2. Next, the buffer is filled with the contents of a file, or manually
filled with the same character via a loop.
                                                                               
                                                                             
3. A very small header is appended to the buffer (some blank space was
left during the previous step.)
                                                                               
                                                                             
4. The buffer is sent via sendfile()
                                                                               
                                                                             
5. The client receives the buffer and checks it for corruption.
Comment 1 Mark Groves 2006-12-08 12:28:24 UTC
Created attachment 9765 [details]
Test case with readme file
Comment 2 Nishanth Aravamudan 2006-12-08 14:19:20 UTC
2.6.15 is rather old, can you confirm this happens with 2.6.19?

Thanks, Nish
Comment 3 Mark Groves 2006-12-09 16:52:05 UTC
I can confirm that the bug appears on the 2.6.17 kernel. Unfortunately, I don't
have access to a machine with 2.6.19, and redhat hasn't updated the yum repo
yet. I will see if I manually update the kernel.
Comment 4 Mark Groves 2006-12-22 09:06:22 UTC
Sorry that took so long, the upgrade was not an easy one.

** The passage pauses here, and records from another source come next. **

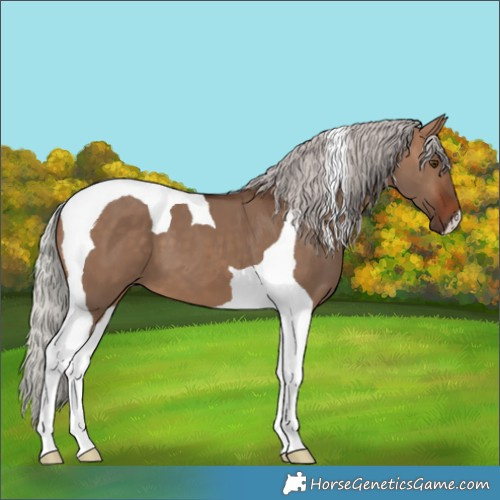 Horse Color:Silver Bay Dun Tobiano
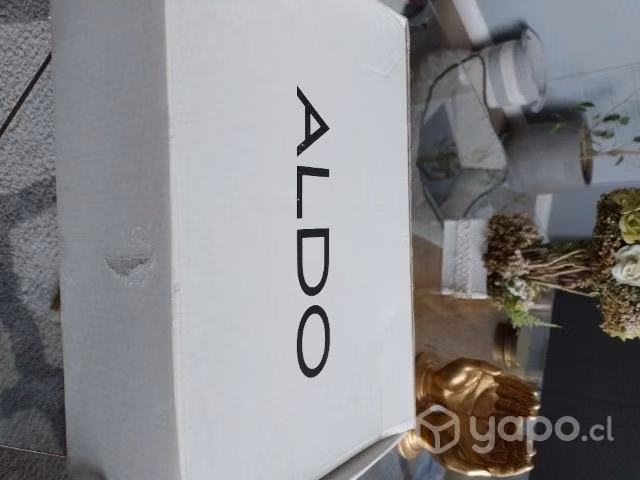 Calzado ALDO 38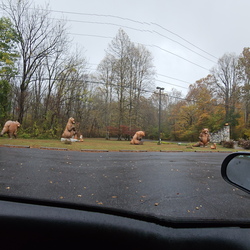 Blue Ridge Parkway Pt 1-102825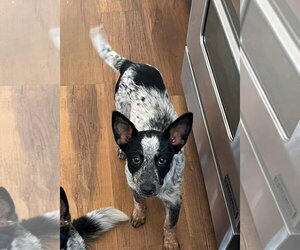 Mutt Dogs for adoption in Paso Robles, CA, USA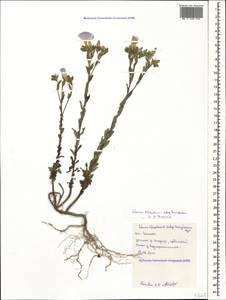 Linum hirsutum subsp. hirsutum, Caucasus, Black Sea Shore (from Novorossiysk to Adler) (K3) (Russia)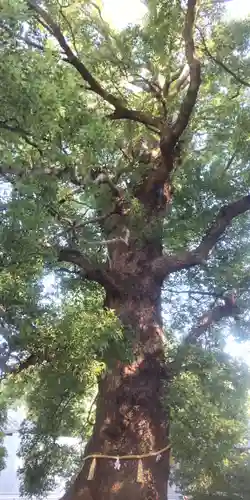 上野東照宮(東京都)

Anyway, I can confirm that the bug is still present in 2.6.19
Comment 5 Mark Groves 2007-01-23 09:41:45 UTC
I believe that this bug may be related to a similar one that was recently fixed,
where memory pages were not being properly marked as dirty, due to concurrent
access. (http://lkml.org/lkml/2006/12/29/44)

I applied the patch and got no change. Is there anywhere else where pages are
marked dirty, or not properly protected from multi-threaded access?